Bahrani has written widely on ancient near eastern art. Her book The Infinite Image was described by Matthew Canepa as a tool for "advocacy of the relevance of ancient Near Eastern art to contemporary art historical discourse, programs, and museums". In Scramble for the Past, edited by Bahrani, she also wrote a chapter which described how Ottoman and European colonial powers used the Assyrian past to meet their own "ideological goals". In reviewing The Graven Image archaeologist Jeremy Tanner described how Bahrani's book demonstrated "a complete overturning of Eurocentric representations of the cultural and artistic legacies of ancient Assyria and Babylonia", compounding the notion that the idea of 'Mesopotamia' itself is a colonial product. Bahrani's book The Ritual Body was reviewed by Carolyn Nakamura, who described it as "an illuminating and theoretically rich consideration of Assyro-Babylonian war and violence".

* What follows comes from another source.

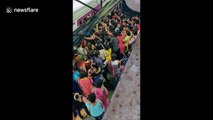 Women battle rush-hour crush to get into Mumbai train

== Awards and recognition ==
Bahrani was elected fellow of the American Academy of Arts and Sciences in 2020. In 2019 she "was awarded an Andrew Carnegie Fellowship; she previously held a Guggenheim Fellowship in 2003. In 2009 she was awarded the James Henry Breasted Prize.

==Selected works==
- Women of Babylon: Gender and Representation in Mesopotamia (Routledge, 2001)
- The Graven Image: Representation in Babylonia and Assyria (University of Pennsylvania Press, 2003)
- Rituals of War: The Body and Violence in Mesopotamia (New York, 2008)
- Zainab Bahrani, Zeynep Çelik, and Edhem Eldem, eds. Scramble for the Past: A Story of Archaeology in the Ottoman Empire. (Istanbul: SALT, 2011)
- The Infinite Image: Art, Time and the Aesthetic Dimension in Antiquity (Reaktion Books, 2014)
- War Essays (UCL Press, 2025). Downloadable open-access version here.